Exercise brief
Within the entries below, please retype exactly the lines starting with the line that has "Mercedes-Benz GLC-Class 2022, 108148" and going on through the line that has "Hexa-GT Boulevard Too Case - Silver", but not the pictures.

Records
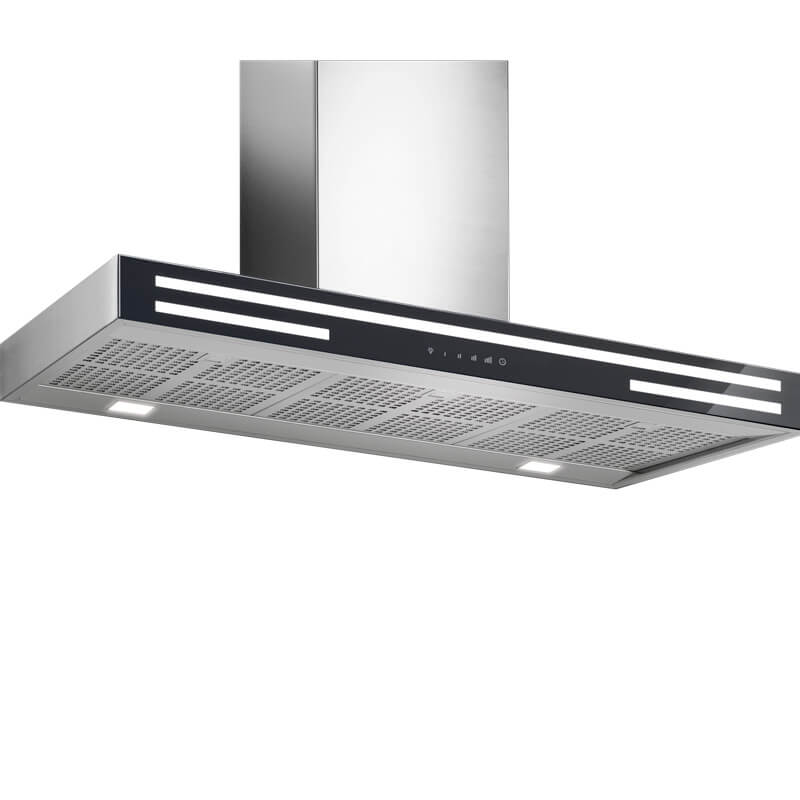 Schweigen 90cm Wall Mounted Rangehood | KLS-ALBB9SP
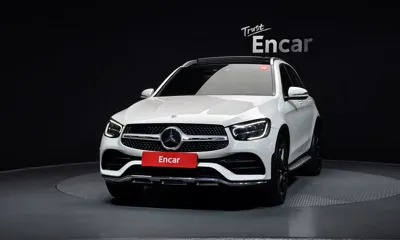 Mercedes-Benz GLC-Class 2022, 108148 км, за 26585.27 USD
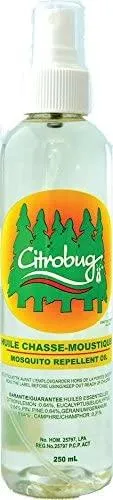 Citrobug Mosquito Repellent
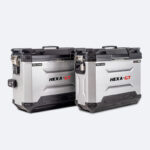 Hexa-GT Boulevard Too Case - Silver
...
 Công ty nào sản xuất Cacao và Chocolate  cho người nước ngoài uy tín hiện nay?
---
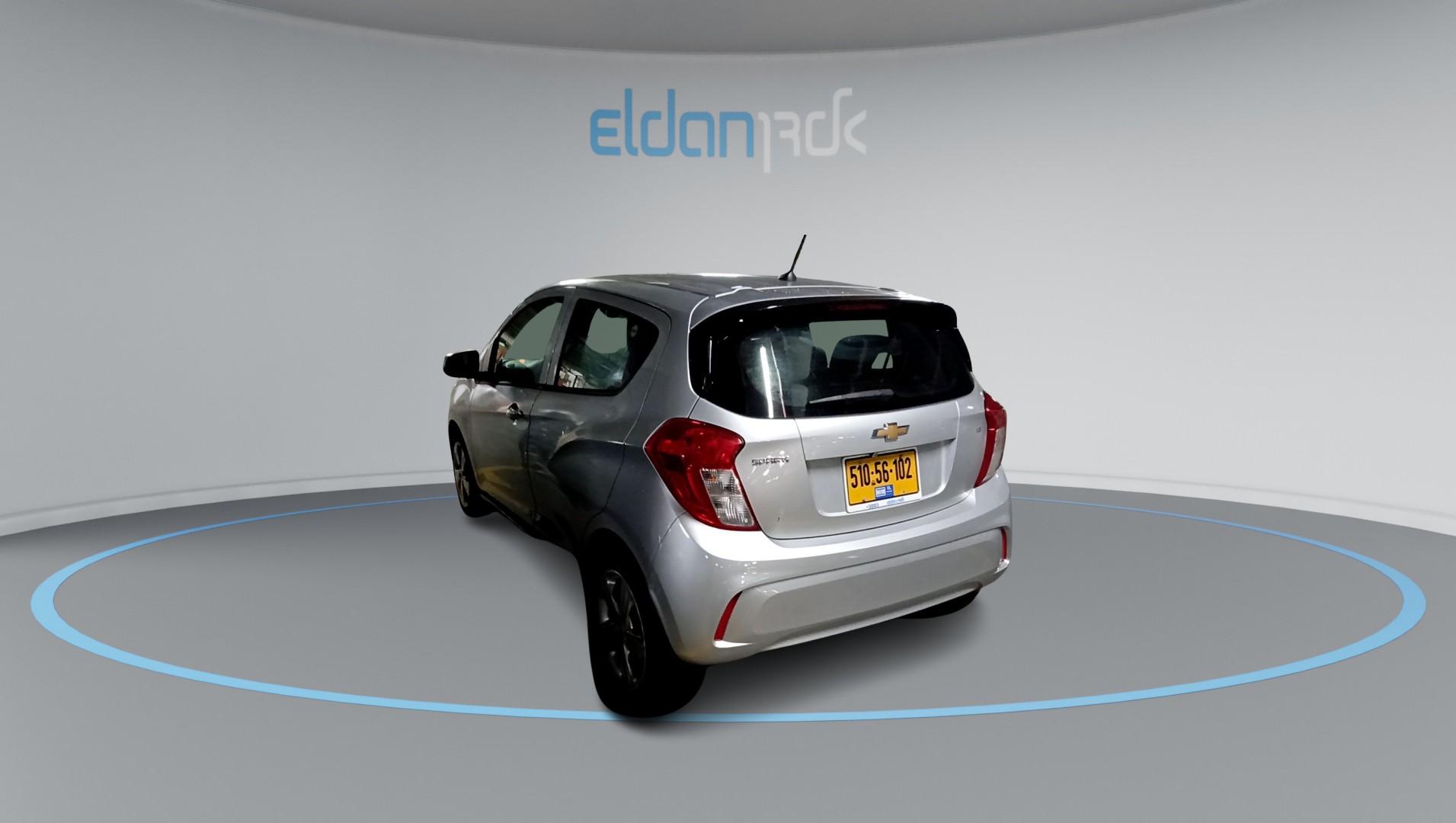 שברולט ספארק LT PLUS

Written answer
 Mercedes-Benz GLC-Class 2022, 108148 км, за 26585.27 USD
 Citrobug Mosquito Repellent
 Hexa-GT Boulevard Too Case - Silver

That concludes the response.